■ Directions for this task ■
A faithful copy of the listing below is needed, with its pictures left out.

■ Recorded data ■

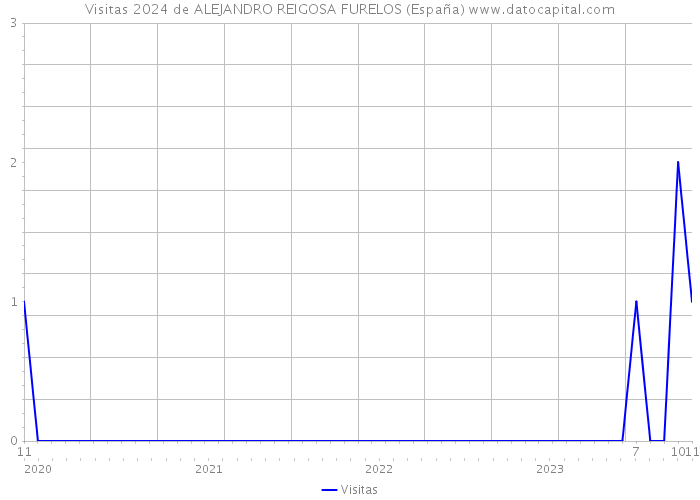 Visitas 2024 de ALEJANDRO REIGOSA FURELOS (España) 
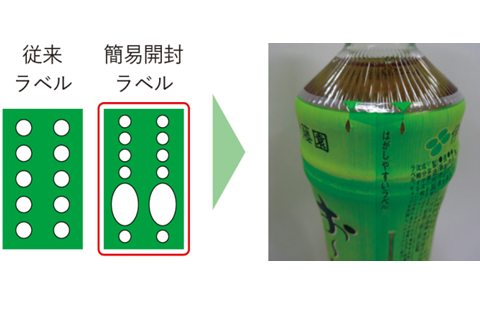 ペットボトルのラベルのミシン目をさらにはがしやすいようにしました。
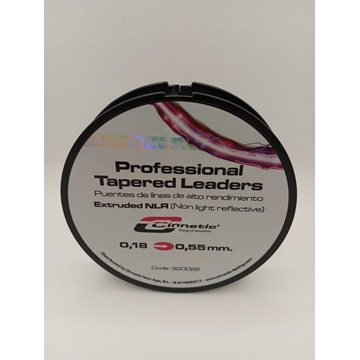 Puentes de línea de alto rendimiento 0.18-0.55mm - Imagen 1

■ Reply ■
 Visitas 2024 de ALEJANDRO REIGOSA FURELOS (España) 
 ペットボトルのラベルのミシン目をさらにはがしやすいようにしました。
 Puentes de línea de alto rendimiento 0.18-0.55mm - Imagen 1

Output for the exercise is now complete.